**Instructions to follow:**
Beneath this line are the data; copy exactly the part of them that opens with the line containing "Appartement - 116 m2 - 5 pièces - photo 5" and closes with the line containing "Summit Estate - Residential", and only that part.

**Dataset records:**
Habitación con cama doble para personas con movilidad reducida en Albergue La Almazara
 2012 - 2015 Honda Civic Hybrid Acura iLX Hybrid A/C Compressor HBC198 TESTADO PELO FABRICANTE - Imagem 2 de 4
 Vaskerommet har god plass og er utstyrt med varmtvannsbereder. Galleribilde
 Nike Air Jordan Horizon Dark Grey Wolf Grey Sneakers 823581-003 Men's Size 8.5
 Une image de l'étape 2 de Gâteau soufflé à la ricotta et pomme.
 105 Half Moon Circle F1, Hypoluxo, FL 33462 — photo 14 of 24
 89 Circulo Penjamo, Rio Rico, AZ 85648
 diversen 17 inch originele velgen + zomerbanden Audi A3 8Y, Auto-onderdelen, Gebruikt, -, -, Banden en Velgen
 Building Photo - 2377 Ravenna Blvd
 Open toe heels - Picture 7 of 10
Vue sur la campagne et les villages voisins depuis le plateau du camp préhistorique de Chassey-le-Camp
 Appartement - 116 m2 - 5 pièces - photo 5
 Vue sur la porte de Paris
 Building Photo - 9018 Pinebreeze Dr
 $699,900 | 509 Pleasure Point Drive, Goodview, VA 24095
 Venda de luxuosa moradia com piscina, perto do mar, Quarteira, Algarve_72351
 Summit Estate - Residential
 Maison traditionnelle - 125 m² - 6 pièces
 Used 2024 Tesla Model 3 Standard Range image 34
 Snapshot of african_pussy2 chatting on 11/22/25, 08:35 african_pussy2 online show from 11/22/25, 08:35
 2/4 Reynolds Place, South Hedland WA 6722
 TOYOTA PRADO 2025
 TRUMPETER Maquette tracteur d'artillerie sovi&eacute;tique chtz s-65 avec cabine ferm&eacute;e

**Written solution:**
 Appartement - 116 m2 - 5 pièces - photo 5
 Vue sur la porte de Paris
 Building Photo - 9018 Pinebreeze Dr
 $699,900 | 509 Pleasure Point Drive, Goodview, VA 24095
 Venda de luxuosa moradia com piscina, perto do mar, Quarteira, Algarve_72351
 Summit Estate - Residential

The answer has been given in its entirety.